What the task requires
Set down all of the entries exactly, leaving nothing out.

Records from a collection
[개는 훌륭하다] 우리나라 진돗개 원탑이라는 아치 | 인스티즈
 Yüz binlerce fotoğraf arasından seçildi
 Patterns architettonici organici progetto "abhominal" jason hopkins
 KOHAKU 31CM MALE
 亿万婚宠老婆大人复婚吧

Task solution
[개는 훌륭하다] 우리나라 진돗개 원탑이라는 아치 | 인스티즈
 Yüz binlerce fotoğraf arasından seçildi
 Patterns architettonici organici progetto "abhominal" jason hopkins
 KOHAKU 31CM MALE
 亿万婚宠老婆大人复婚吧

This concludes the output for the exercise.